‘Women As Leaders’

“Men have turned into women, women into men.”Xerxes 500BC

In amongst the rhetoric of ‘glass ceilings’, ‘glass elevators’ and ‘glass cliffs’ are some grainy truths about the different expectations society has of men and women. From gender wiring to childhood rearing, girls are pre-disposed or taught to nurture, share, multi-task and yield. Boys, on the other hand, are geared-up to ‘hit the other guy back’, climb trees, compete and take risks. Those that don’t are labelled ‘sissy’ – girl-like!

Successful organisations thrive on being dynamic, competitive, bold and taking risks. So it is hardly any surprise that these predominantly male characteristics are personified in the board room.

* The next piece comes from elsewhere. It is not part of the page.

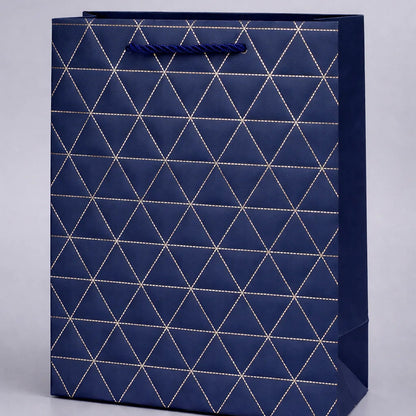 Navy blue gift bag with geometric white pattern on a light gray background
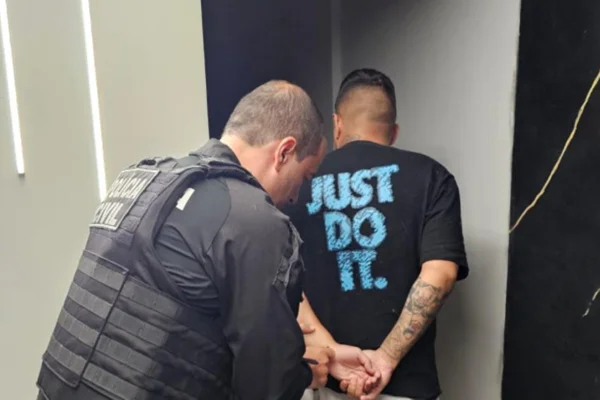 Imagem colorida de policial civil prendendo homem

However, when women try to compete directly with men they can become aggressive, coarse and controlling or just plain fierce. So how do smart women gain entry to the boardrooms of highly successful organisations? And once there, should they relinquish motherhood in order to stay on top?

Does it even matter if women do not have equal opportunities? Well, as women generally survive 4 years longer than men on 40% less income…work it out for yourselves!

Our seminar asks some of the tough questions:

  • Do men and women lead differently?
  • Have ‘women’s rights’ done more harm than good?
  • Are women using the ‘glass ceiling’ as a comfort blanket?
  • Do women actually have the right qualities to work in the boardroom but find men are so much more comfortable about profiling their achievements?

We will also explore The New Psychology of Leadership and the trends towards more consensual rule. Where effective leaders must be able to understand and portray the values of their followers, in order to create resonance and productive dialogue. This means being able to engender trust and use influence to motivate people, so that followers choose to work meaningfully, even when the boss is not around.

Delegates will have the opportunity to assess their own leadership behaviour and attitudes and reflect upon how they raise their own profile and identity in their organisations.